Keeping Love and Lust Alive
How to make lust and love last in your relationship.
Posted February 27, 2010
Do all seasoned relationships lose their sizzle over time? Not necessarily. Remember the high you felt when you first fell in love? That heady cloud nine feeling? Although you still love your partner, you still care for him or her, you still feel secure and comfortable with him or her, the lust, the romance, the passion no longer lights your flame.
What is missing is the dopamine rush─ the brain chemical that promotes ecstatic pleasure ─ the testosterone, oxytocin, vasopressin, endogenous opiods ─ that enhance love, lust, romance, and passion. In case you think this waning of passion is inevitable, think again. No matter the rut you are in, no matter how dispirited you feel, no matter the short supply of the good mood neurotransmitter Serotonin, you can change all of that.
You can bring romance and passion back. In the process a cascade of good mood, love, and lust brain chemicals will bathe your partner and you. The first step is to clear the deck of old stumbling blocks so that you can bring fresh experience on deck. When you change your mind, you will change your brain.
In my practice bringing love and lust back takes a back seat to letting go of the anger, the disappointments, the hurt of the past. You must resolve all of this first. It took two of you to get into this place so it will take the two of you to get out of it. Here then are some tips.
Communicate your feelings to your partner with "I" statements that do not attack or blame him. The listen to his side of the story.
Climb on board with him, allow yourself to walk in his shoes, to empathize with him. Then and only then can the process of forgiveness begin. Did you know that the brain houses empathy and forgiveness in the same cortices? That means as you empathize with him, you can forgive him.

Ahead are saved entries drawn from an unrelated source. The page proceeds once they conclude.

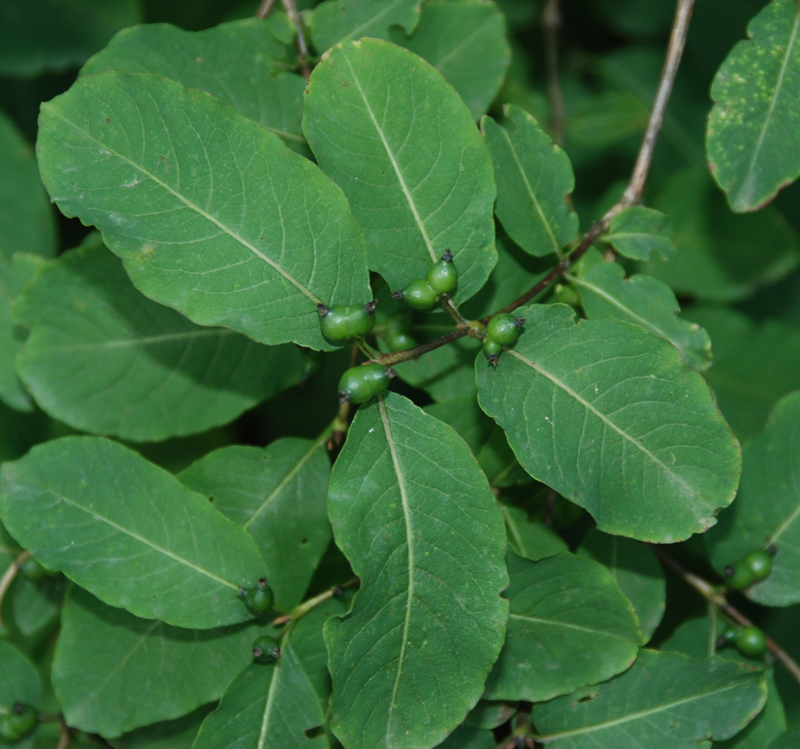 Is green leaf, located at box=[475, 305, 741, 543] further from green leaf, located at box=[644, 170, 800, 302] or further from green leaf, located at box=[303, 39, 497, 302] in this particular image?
green leaf, located at box=[644, 170, 800, 302]

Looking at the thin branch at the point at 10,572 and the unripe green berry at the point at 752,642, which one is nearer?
the unripe green berry at the point at 752,642

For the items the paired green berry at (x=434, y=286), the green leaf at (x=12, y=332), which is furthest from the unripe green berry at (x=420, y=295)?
the green leaf at (x=12, y=332)

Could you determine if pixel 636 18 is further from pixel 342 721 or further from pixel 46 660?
pixel 46 660

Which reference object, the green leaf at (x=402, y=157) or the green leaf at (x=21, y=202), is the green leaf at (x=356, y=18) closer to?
the green leaf at (x=402, y=157)

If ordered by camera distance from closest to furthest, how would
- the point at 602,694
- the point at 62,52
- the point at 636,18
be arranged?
1. the point at 602,694
2. the point at 62,52
3. the point at 636,18

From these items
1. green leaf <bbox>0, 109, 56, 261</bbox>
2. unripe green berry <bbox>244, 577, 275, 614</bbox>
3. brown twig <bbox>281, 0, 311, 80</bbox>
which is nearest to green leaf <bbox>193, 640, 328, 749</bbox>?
unripe green berry <bbox>244, 577, 275, 614</bbox>

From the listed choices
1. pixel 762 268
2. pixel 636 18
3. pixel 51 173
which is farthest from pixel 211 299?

As soon as you feel more at ease with your partner, the train carrying romance, lust and passion can get on track. What charges up the engine is novelty.
Change begins in the imagination. First you fantasize and then you enact the following:.
• Fantasize the verbal and sensual foreplay at a distance from your partner. Text, call, or email one another. Experience the thrill of expectations for him or her. Put it into action. When you begin making love, rather than consummating the sex act, let foreplay linger on and on so that longing mounts.
• Surrender to the feelings that arise in you as you surrender to your partner. The magic arises when you lose yourself in your partner only to find yourself.
• If you have always made love in your bed, imagine making love in a hot air balloon, in the shower, naked on a sunny beach, or any other romantic novel places that come to mind. Then pick some of these places, invite your partner to your hot spot and go for it.
• Imagine making love in different positions and in different ways and then try these novel ways of love-making.
• How about time of day or night? If love-making was reserved for after dinner when the dishes were done, leave them in the sink. How about love in the morning, at noon, or in the afternoon?
These are only some suggestions that may or may not register with you. My hope is that you are inspired to create your own novelty to spice up a lack-luster relationship. Life is not forever, but love and lust can make each precious moment of it more vibrant, vital, and fulfilling.